◆ **Exercise aim**
Leave out the pictures and repeat exactly the lines from the one containing "Mercure Promenade Des 4*" through the end of the records.

(Captioned web images)
────
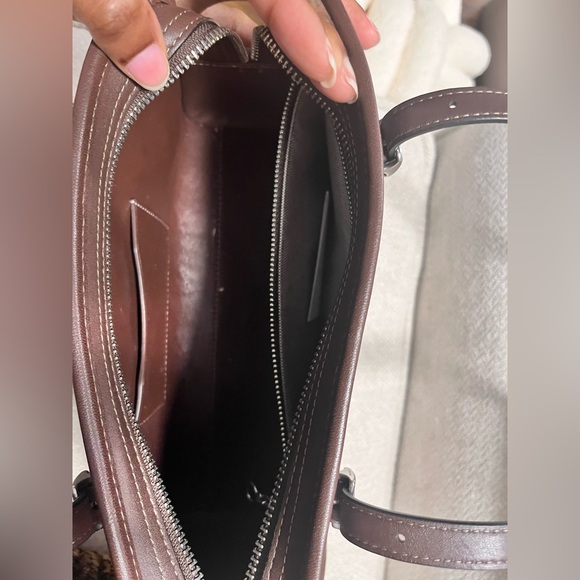 Coach Swing Zip Shoulder Bag - Picture 3 of 8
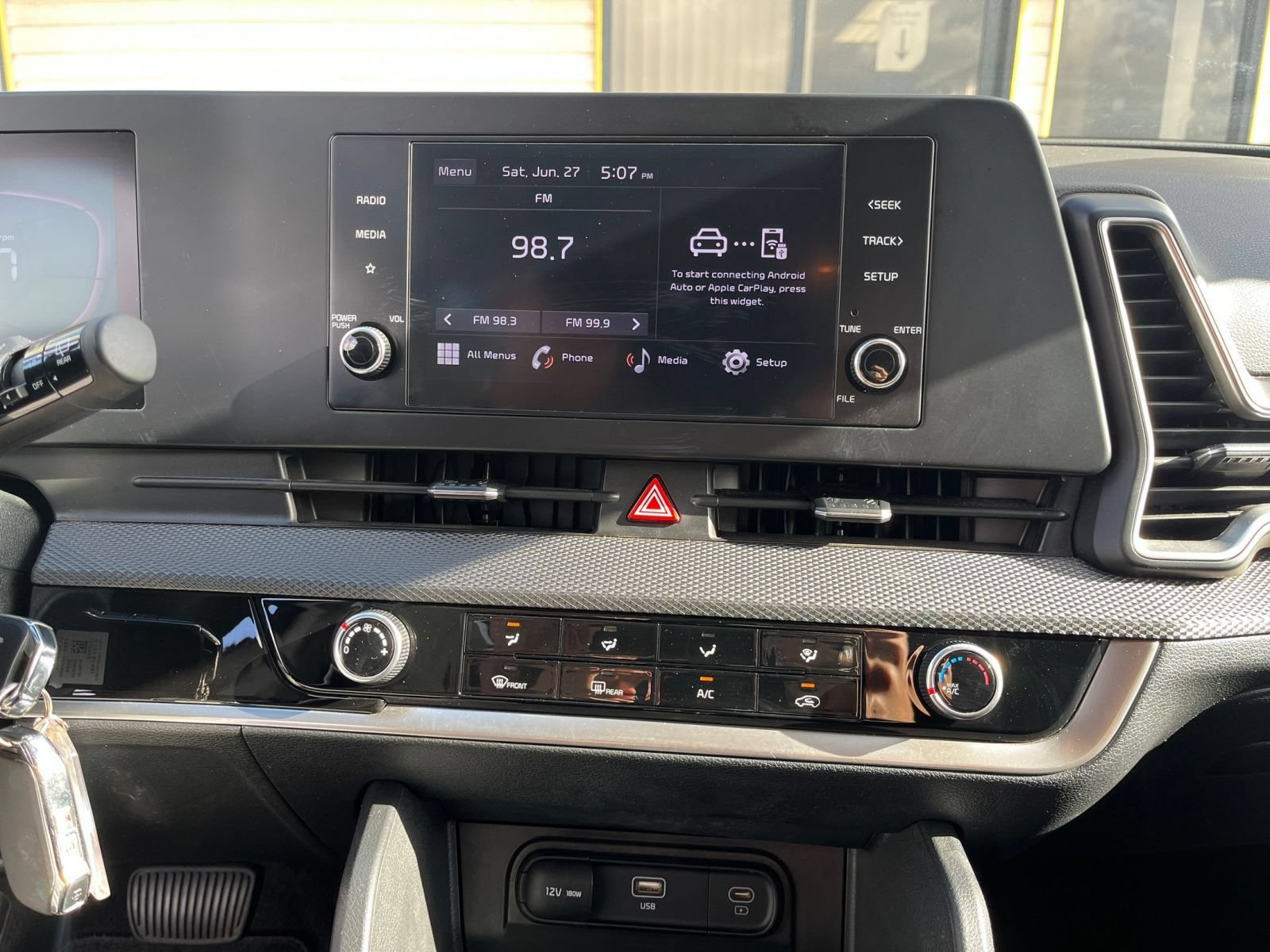 Used 2025 Kia Sportage LX FWD image 16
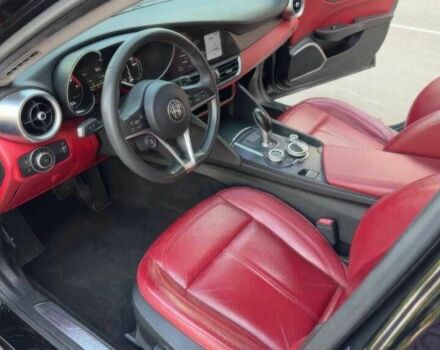 Чорний Альфа Ромео Джулія, об'ємом двигуна 2 л та пробігом 89 тис. км за 10700 $, фото 9 на Automoto.ua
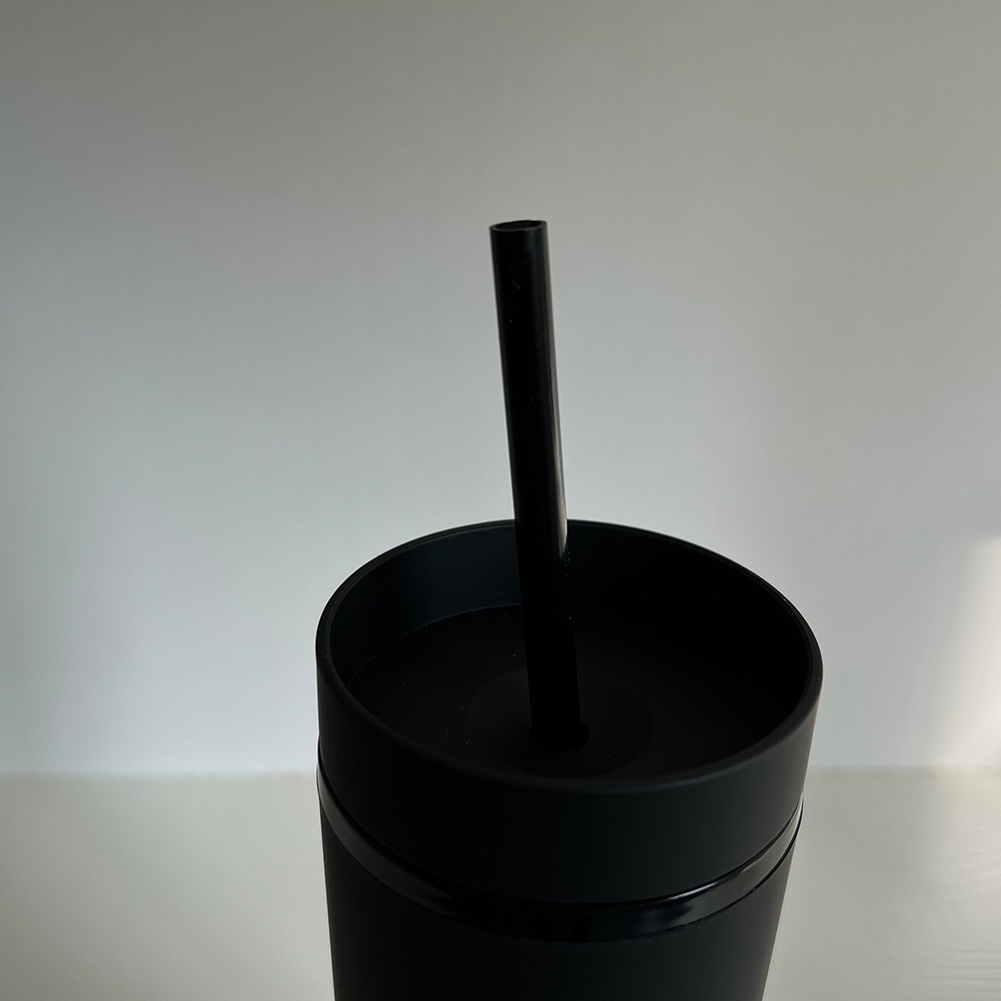 Bình nước Starbucks màu đen 500ml có ống hút và tay cầm thoải mái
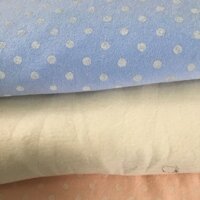Sét 2 vải băng lông và 1 kg nỉ Sét vải gồm 2 kg vải băng lông chấm bi hồng và chấm bi xanh , 1kg vải nỉ màu trắng kem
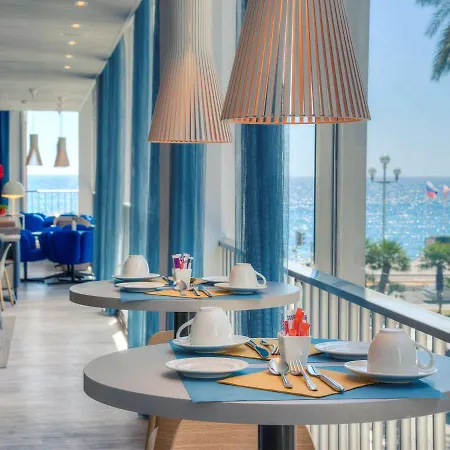 Mercure Promenade Des 4*
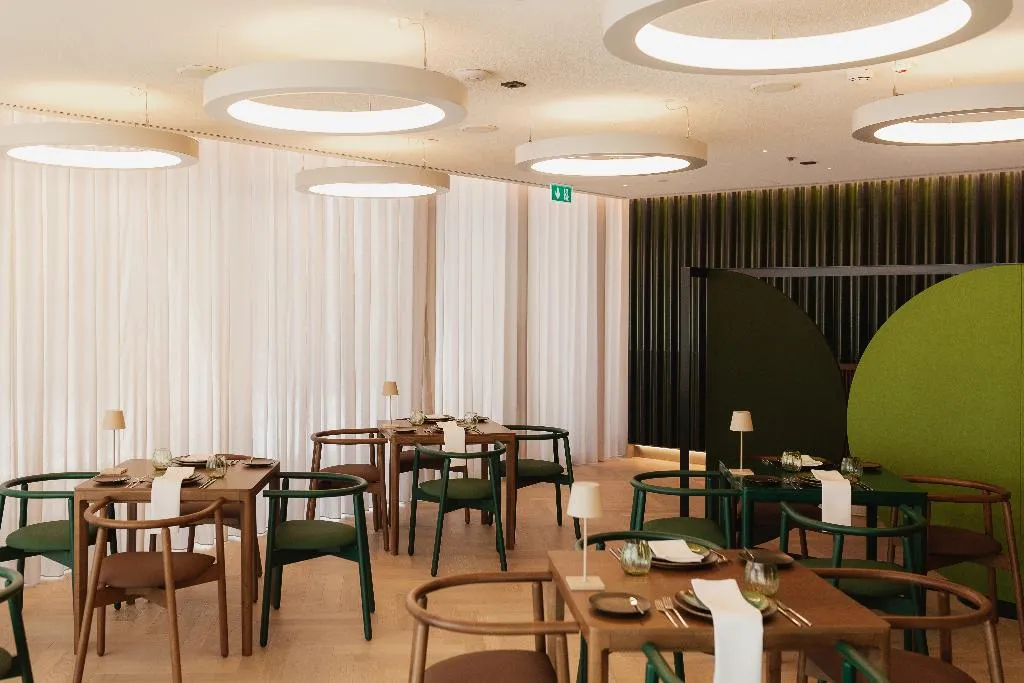 Restaurant, Lumen Hotel and The Lisbon Light Show, Lisbon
────
◆ **Expected answer**
 Mercure Promenade Des 4*
 Restaurant, Lumen Hotel and The Lisbon Light Show, Lisbon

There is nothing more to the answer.